Ouk Chanthan spent much of her youth at Old Stadium in Phnom Penh. But the future Olympic sprinter wasn’t running. She was selling goods.
“When I was younger, I used to sell rice and coffee there,” she said. “I wasn’t very healthy then, and my father encouraged me to run so I would feel better.”
Her father, Ouk Kieng, was already an active figure in the sports community, coaching the men’s national volleyball team in the 1960s. In recent years he has helped train the national women’s team and the military team, and in 1998 he began training Cambodia’s first beach volleyball team.
Ouk Chanthan began serious training as a runner in 1994. Her workouts consist of 30-, 60-, 100- and 200-meter sprints in addition to the distance running she does to build up endurance.

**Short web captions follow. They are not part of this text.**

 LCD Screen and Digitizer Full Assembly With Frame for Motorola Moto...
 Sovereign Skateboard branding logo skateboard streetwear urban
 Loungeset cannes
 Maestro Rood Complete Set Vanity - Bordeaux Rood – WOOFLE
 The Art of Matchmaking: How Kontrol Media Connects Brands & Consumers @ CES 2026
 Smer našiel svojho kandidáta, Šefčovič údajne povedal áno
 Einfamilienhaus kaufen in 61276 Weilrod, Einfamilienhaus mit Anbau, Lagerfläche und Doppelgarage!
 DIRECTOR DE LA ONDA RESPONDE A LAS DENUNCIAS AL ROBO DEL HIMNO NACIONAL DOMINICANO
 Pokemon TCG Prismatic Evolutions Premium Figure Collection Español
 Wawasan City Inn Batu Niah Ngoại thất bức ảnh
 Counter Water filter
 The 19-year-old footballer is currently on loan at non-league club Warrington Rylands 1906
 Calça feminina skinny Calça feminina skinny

Selected by world track officials as a wild-card entry in the 1996 Olympics in the US city of Atlanta, she finished last in her 100-meter heat in a time of 14.82 seconds, far slower than her personal best of 13.50. She’ll run the 100 meters again in Sydney.
“I was just excited to see Olympic events,” she said of the 1996 Games. “I took them as a model for how I should train.”
Now 26 years old, she may decide to be a coach herself someday. She’s especially interested in working with girls.
“If they come to me, I will use all my knowledge to teach them,” she said.